What are Query Fanouts
Written By Rankshift
When you type a question into an AI model like ChatGPT or Perplexity, the AI doesn't just process your exact question. Behind the scenes, it breaks your prompt down into multiple related sub-queries: searching across different angles, intents, and phrasing, before generating its final answer.
These sub-queries are called query fanouts.
A simple example
Say someone asks:
Prompt:
Which providers offer iPhone plans with unlimited data?
The AI may internally generate fanout queries like:
Fanout queries:
iPhone unlimited data plans providers
Which providers offer iPhone plans with unlimited data Netherlands
iPhone unlimited data plans providers Netherlands 2026
Which mobile providers in Netherlands offer unlimited data iPhone plans
Each fanout query represents a different search path the AI explores to build its answer. The more of those paths lead to your brand or content, the more likely you are to be mentioned in the final response.
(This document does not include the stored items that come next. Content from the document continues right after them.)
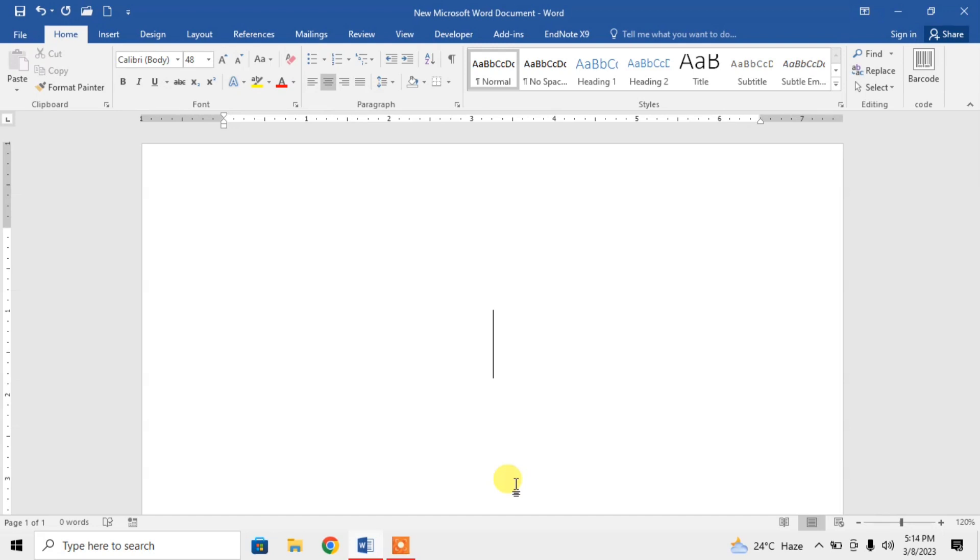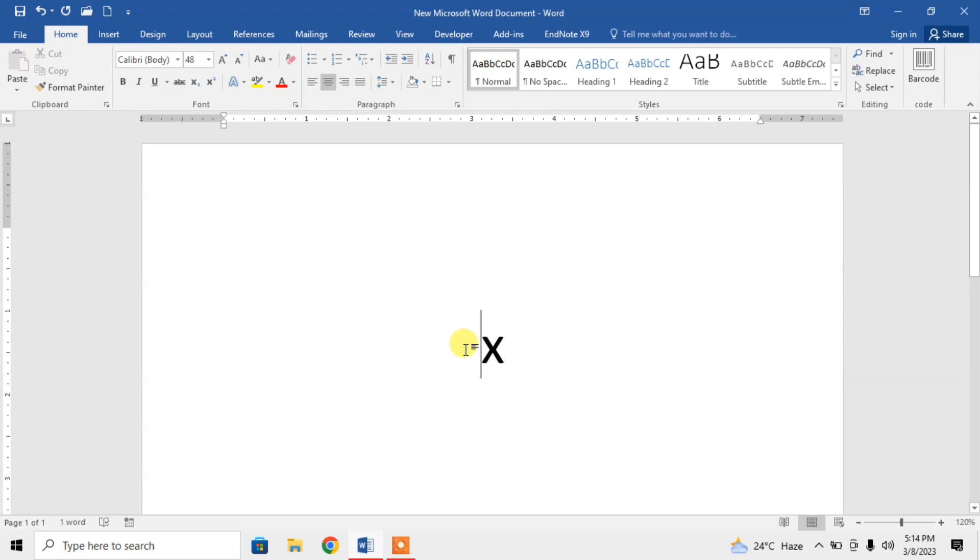For this, first of all type your main character. For example, I want to type X. Now I want to insert 2 as its subscript, but before X. So move your cursor before X.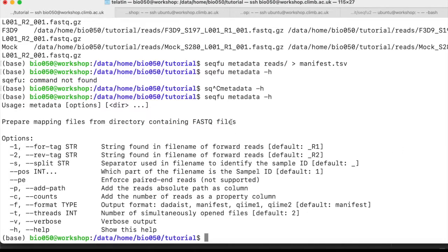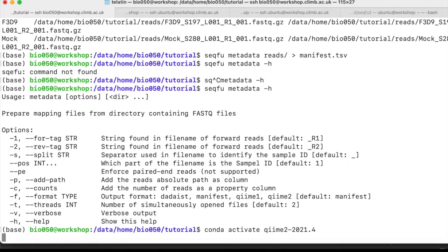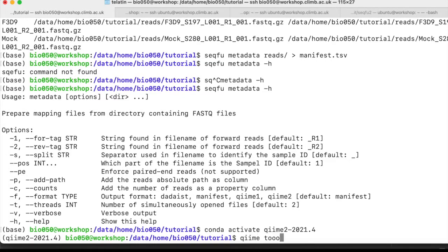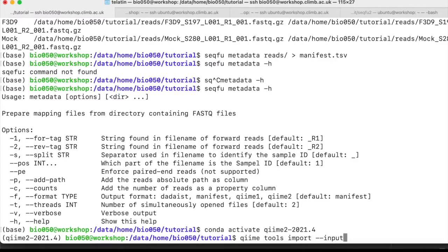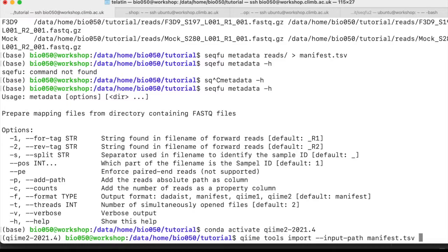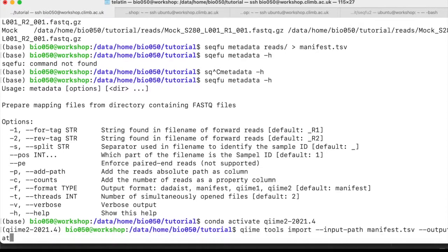Now we can use another command to import the reads. So we need to activate our QIIME2 environment again. And again, qiime tools import --input-path. In this case, our input is no longer the folder with the reads, but the manifest, because in the manifest, then QIIME will find also the absolute path to the reads.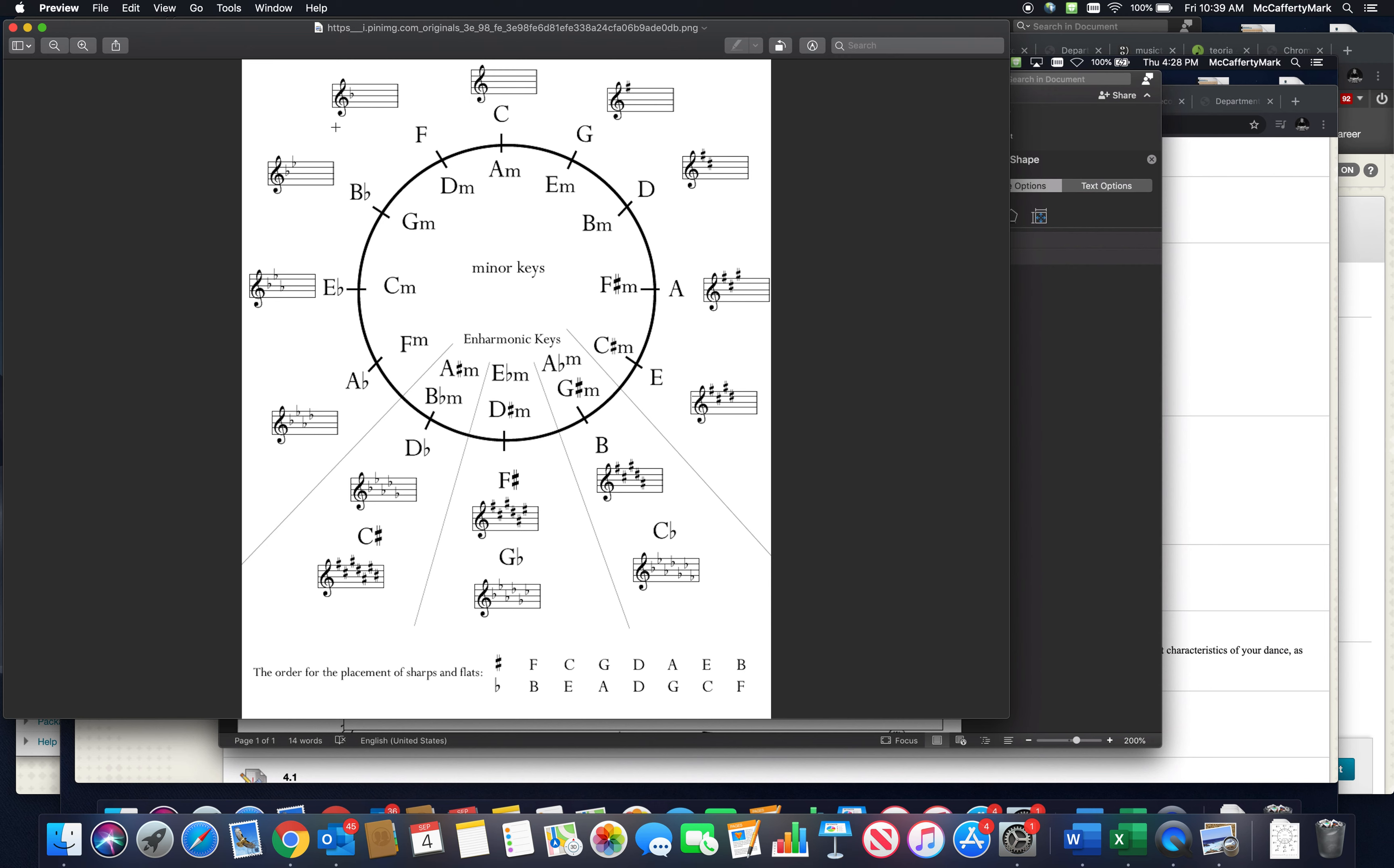Same thing: if you went down a fifth from F, you'd find B flat. So this is going up, this is going down. You can also think of that as forwards or backwards, depending on how you want to think about it.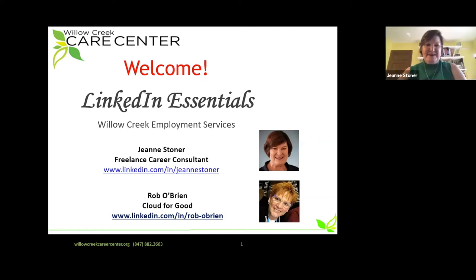Welcome to our LinkedIn Essentials course sponsored by the Willow Creek Employment Services team. My name is Jean Stoner. I'm a freelance career consultant, and I've been a member of the Willow Ministry for 10 years.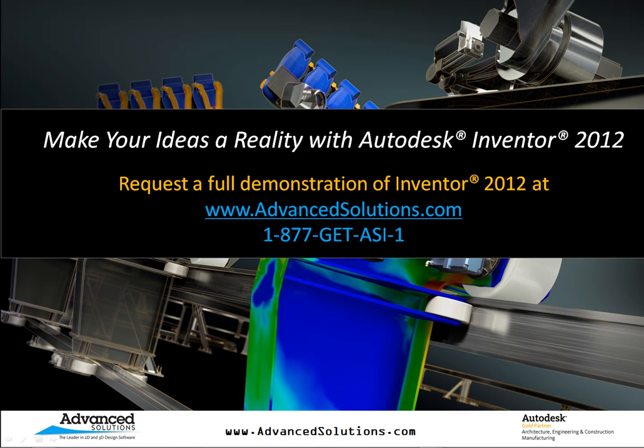Now if you need a longer demo about Autodesk Inventor or you need some consulting services, we can provide that for you. You can visit our website or you can call us toll free at 1-877-GET-ASI-1.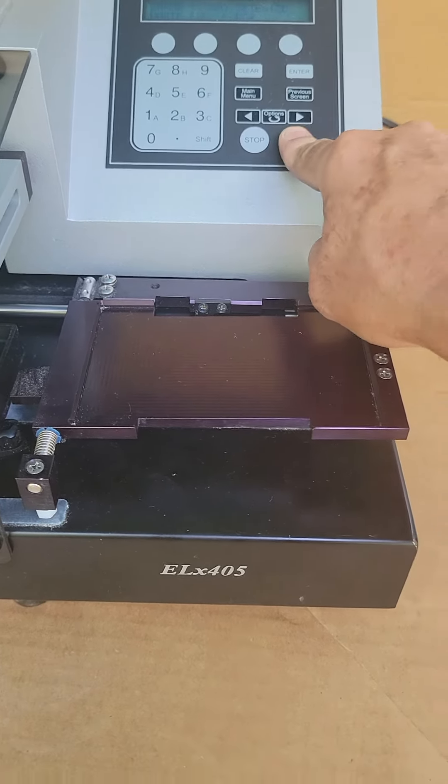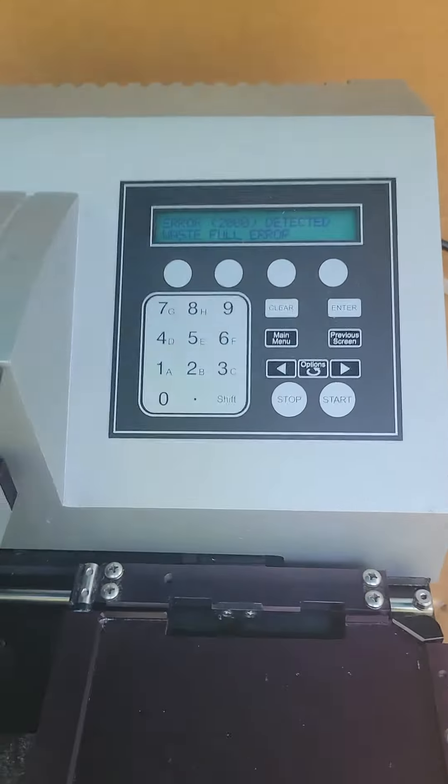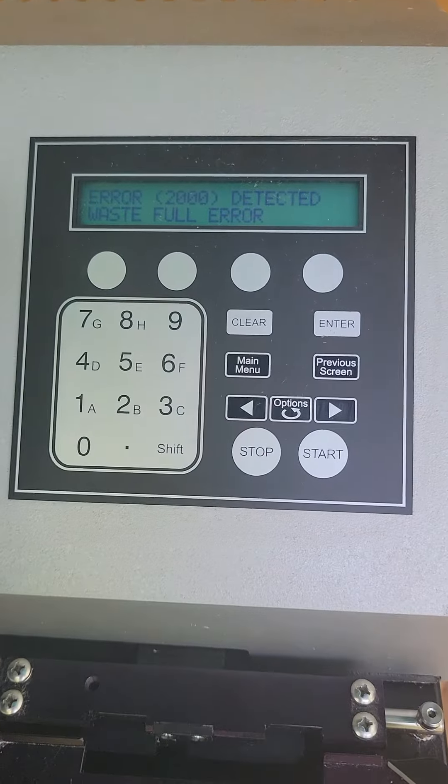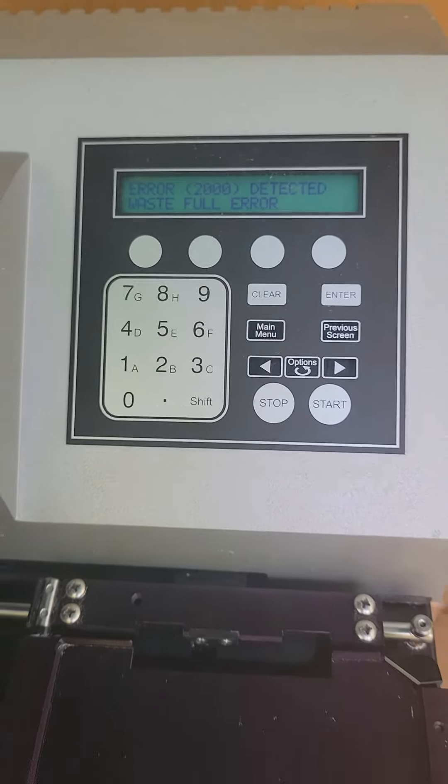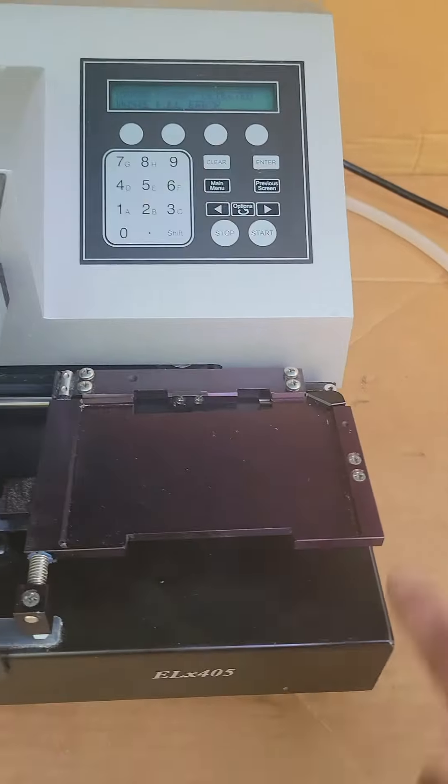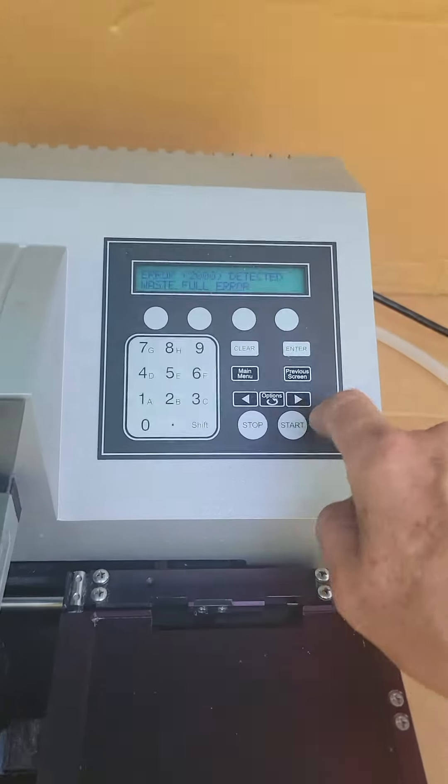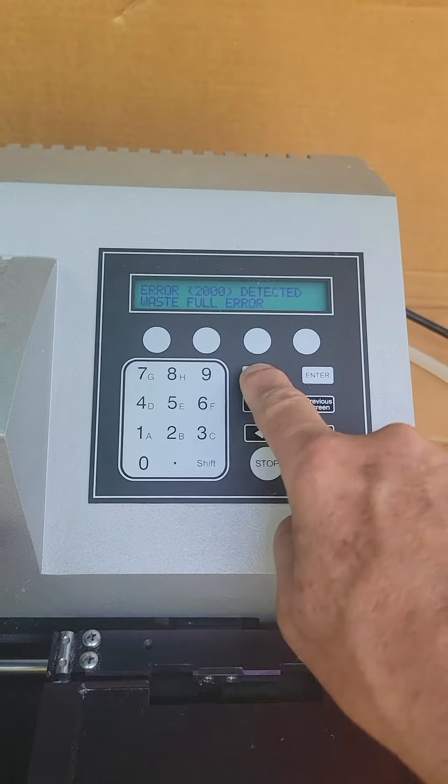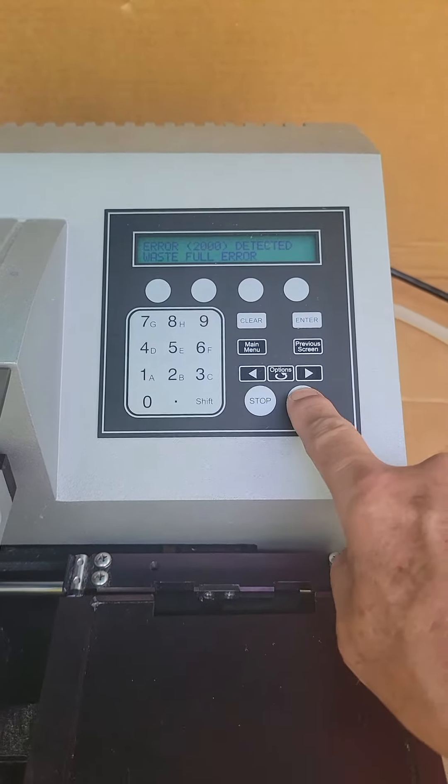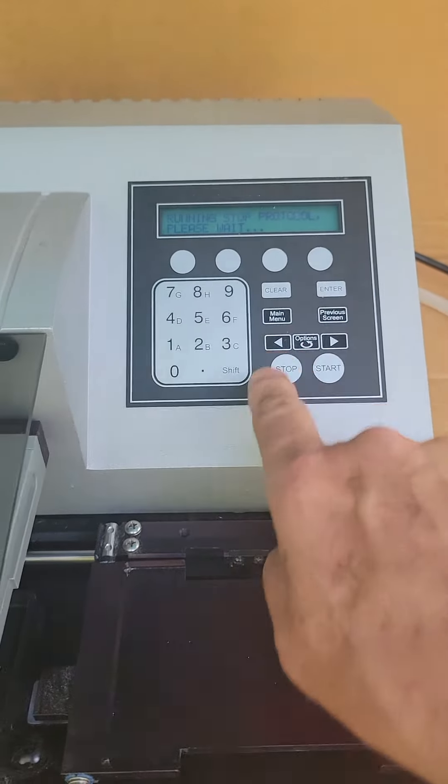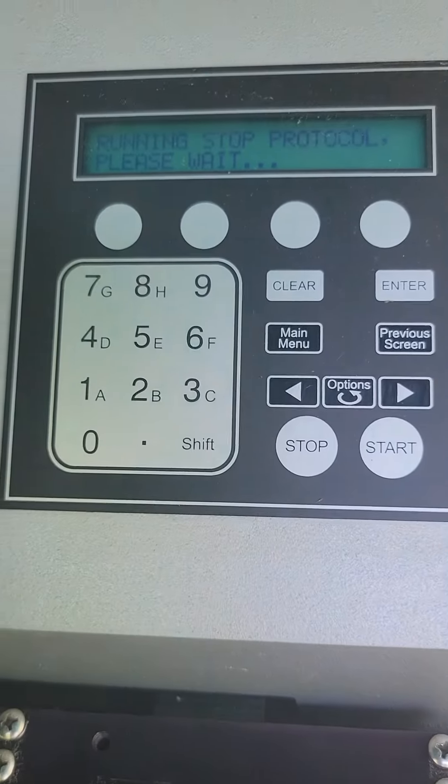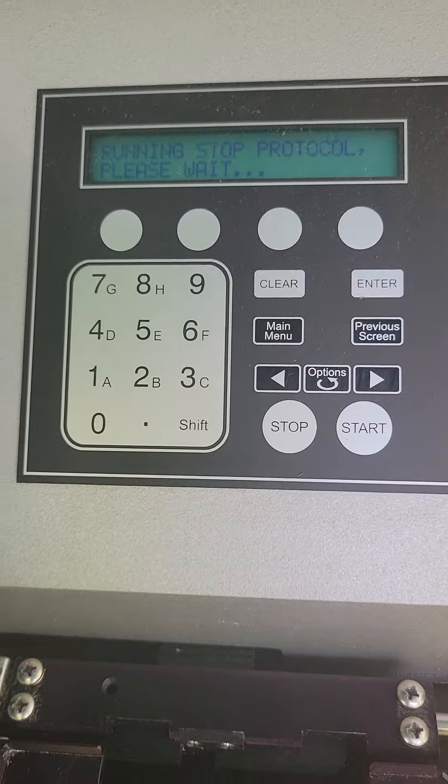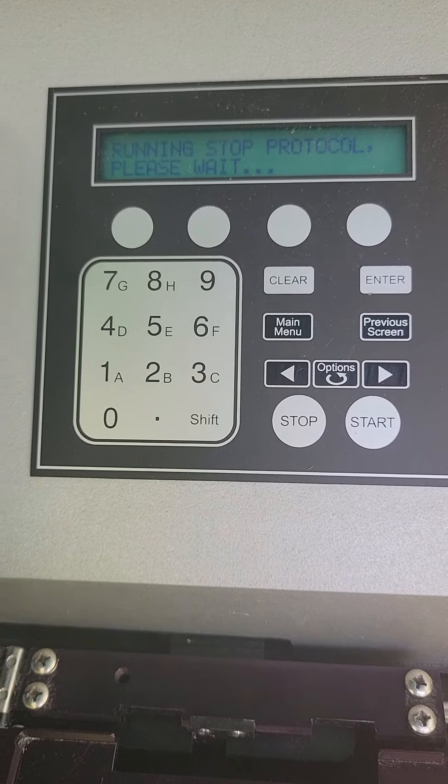So we have, of course, because it's not connected, it shows the wasteful error. Stop, clear. And running protocol. Just going through all the motions so you guys can see how this unit is working.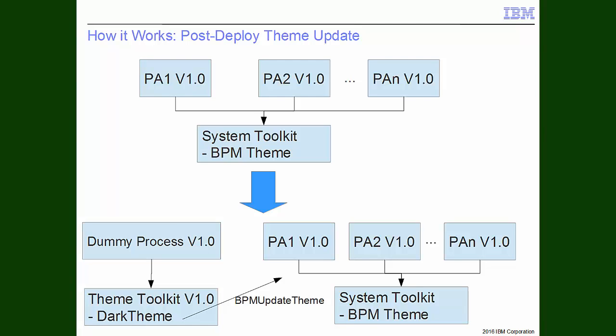This slide shows what we're going to do. We have a number of process apps that are deployed to the process server. Each one depends on the system toolkit, and each one is using the default BPM theme. We're going to create a new theme toolkit, which has the dark theme inside of it, and we're going to create a new dummy process app that depends on the theme toolkit. We're going to deploy the dummy process app, and then use the BPM update theme command to dynamically set the theme on the running process apps without redeploying them.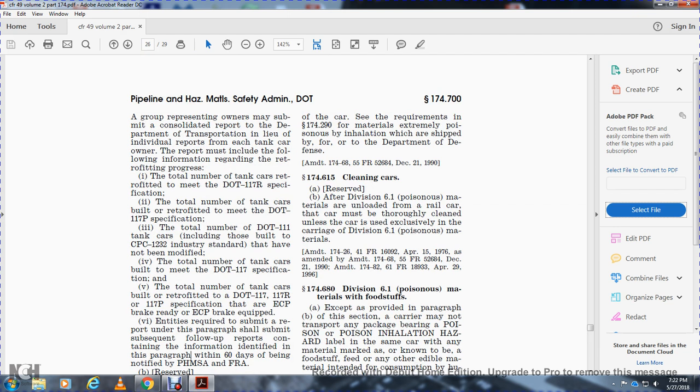Section 174.615: Cleaning of Cars. After Division 6.1 poisonous materials have been unloaded from a rail car, the car must be thoroughly cleaned unless the car is used exclusively in the carriage of Division 6.1 poisonous materials.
Why do query fanouts matter?
AI models don't just retrieve one page, they explore a network of related queries. This means your AI visibility isn't determined by a single keyword or page, but by how broadly your content covers the topics an AI might explore when answering questions in your space.
A year is often added to fanout queries (e.g. 2026), which means AI models frequently look for recent sources. Make sure your pages have strong freshness signals: update dates, recent stats, current year in your titles and headings.
A location is often added to fanouts (e.g. Netherlands). If your business serves specific regions, make sure those locations appear in your page titles, meta descriptions, and headings.
Fanouts can reveal different intents than your original prompt. If the AI fanout explores a topic your current page doesn't cover, it may be worth creating a dedicated page for that specific query.
π‘ Query fanouts are a window into how AI models think. Understanding them helps you build content that gets retrieved, not just ranked.